Endlich war es aus all den Nachrichten und Gerüchten nicht mehr zweifelhaft, daß Bonaparte – mit einemmal war der Name wieder ringsum da – den Vormarsch der Alliierten nicht mehr aufhalten konnte. Und alsbald hieß es, Kosaken hätten die Brücke von Neuilly besetzt und Malmaison sei bedroht. Nun galt es andere Zuflucht zu suchen. Jetzt erschien das unlieb gewesene Navarre gelegen; es war weit ab vom Wege der Eindringenden. Aus allen Laden wurden die achtlos verstreuten Summen zusammengescharrt – denn daß von Napoleon jetzt nichts mehr kommen konnte, hatte Josephine mit einemmal herzpackend wirklich begriffen. Ein paar Mitkommende schossen ein wenig Geld zu. So ging die Fahrt nach Navarre, noch einmal eine Fahrt voll Bangnis um die Stellung in der Welt. Die einzig zuverlässigen Nachrichten in all den Jahren, die Napoleons, fehlten ihr jetzt. Und in die noch unerregte Ferne der Normandie kam aller andere Bericht rumorend, entstellt, in jeder nächsten Stunde die Nachricht der vorhergehenden widerlegend. Dann war Paris besetzt, und schon rüsteten sich die bourbonischen Geier, aus dem Sieg über die Adler, an dem sie kein Teil gehabt hatten, die ganze Beute an sich zu reißen. In dieser Zeit schrieb bereits Marie-Louise, die schon des Generals Neipperg, ihres Liebhabers – denn auch sie hatte einen –, mehr gedachte als des Schicksals ihres Gatten und ihres Kindes: »... Der General Neipperg hat mir seit achtzehn Tagen kein Lebenszeichen gegeben, so daß ich nur die Einzelheiten aus dem Tagesberichte kenne, aber ich freue mich mit aller Welt der guten Nachrichten, die sie enthalten ...« Und wäre es nicht so schaurig wirklich um Stellung und Geld gegangen, so hätte Josephine angesichts der Tatsache, daß der König auf dem Wege nach Paris war, leicht ähnlich schreiben können. Sie zitterte und war verzagt und verstand das Symptom nicht, daß Navarre übervoll war von unsicheren Royalisten und solchen, die sich für den Übergang zur Königstreue unter ihren Schutz stellten. Sie bangte vor allem um ihr Malmaison, woher keine Nachricht kam, sie wartete überhaupt auf Nachrichten von all denen, die ihr Dank schuldeten und ihn jetzt beweisen sollten.

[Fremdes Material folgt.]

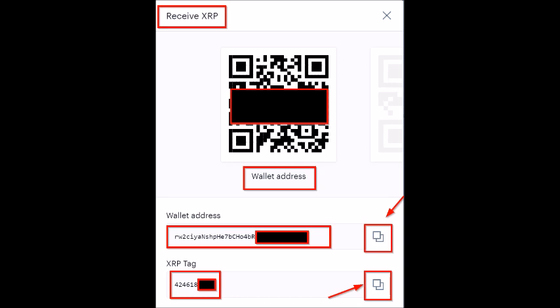Remember, we need both pieces of information — the address and the tag. The receive XRP box confirms that to receive XRP on Coinbase, you need to take these two pieces of information over to Binance. To the right of each line of information there are copy buttons, which ensure that you copy each piece correctly rather than manually highlighting and risking missing characters or capturing extra spaces. Always use those copy buttons to the right of each piece of info.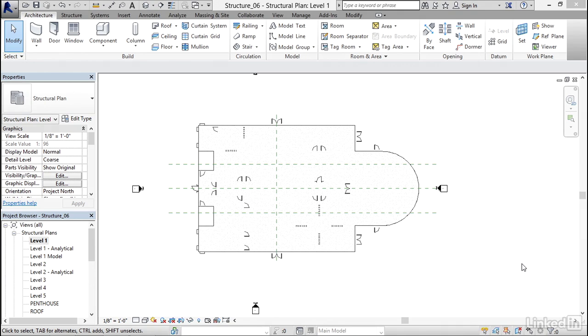With a traditional structural plan, you're not going to get very far without a grid system. This video's objective is to use our architectural underlay to set up a grid system.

In tiefer Nacht kam Hortense an. Sie hatte bis zuletzt zu den Bonapartes stehen wollen. Nur ihre Kinder wollte sie nicht diesem törichten verhaßten Louis überlassen, der sie in letzter Stunde gefordert hatte. Sie hatte noch einen Versuch gemacht, sich Marie-Louisen anzuschließen; doch ernüchtert von der Gleichgültigkeit der geliebten Gattin Napoleons gegen das Schicksal von Kaiser und Reich und angesichts des sauve qui peut all der Bonapartes hatte sie sich zur Mutter geflüchtet, entschlossen, all ihren Verstand aufzuwenden, um Josephinens Prestige ihrer Familie nutzbar zu machen.

Am 29. März 1814 war Josephine nach Navarre gekommen; am 31. März hatten die Alliierten Truppen Paris besetzt. Einen Tag darauf war Hortense in Navarre angelangt. Aber all ihre Beruhigungsversuche vermochten Josephinens Besorgnis um das Schicksal Malmaisons nicht zu beschwichtigen. Und so stimmte sie zu, daß die Mutter sich dahin auf den Weg mache, – eben ein wenig zu früh – denn ein bourbonischer Abgesandter traf kurz nach Josephinens Abreise in Navarre ein und überbrachte eine Versicherung des Respekts und ein Versprechen einer Fürsorglichkeit, die ebenso herzerquickend für Josephine gewesen wäre, als sie sich hernach als unverpflichtend erwies.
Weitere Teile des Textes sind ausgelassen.